─── ENTRIES PROVIDED

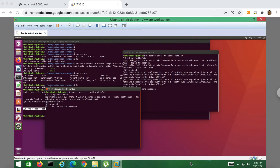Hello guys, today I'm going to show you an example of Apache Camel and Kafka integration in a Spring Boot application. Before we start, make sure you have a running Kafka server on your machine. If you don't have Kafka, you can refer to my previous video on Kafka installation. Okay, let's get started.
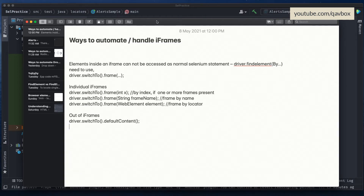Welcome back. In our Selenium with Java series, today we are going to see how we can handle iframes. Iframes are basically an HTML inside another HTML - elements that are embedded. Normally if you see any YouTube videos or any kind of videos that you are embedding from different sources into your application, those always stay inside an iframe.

──────
─── ENTRIES PROVIDED

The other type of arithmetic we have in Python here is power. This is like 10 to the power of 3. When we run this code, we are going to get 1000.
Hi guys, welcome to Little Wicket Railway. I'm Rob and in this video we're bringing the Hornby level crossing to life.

──────

- _INSTRUCTIONS FOR THE TASK_
Locate the lines above that hold the word "this". Show every one of them.

- _EXERCISE SOLUTION_
The other type of arithmetic we have in Python here is power. This is like 10 to the power of 3. When we run this code, we are going to get 1000.
Hi guys, welcome to Little Wicket Railway. I'm Rob and in this video we're bringing the Hornby level crossing to life.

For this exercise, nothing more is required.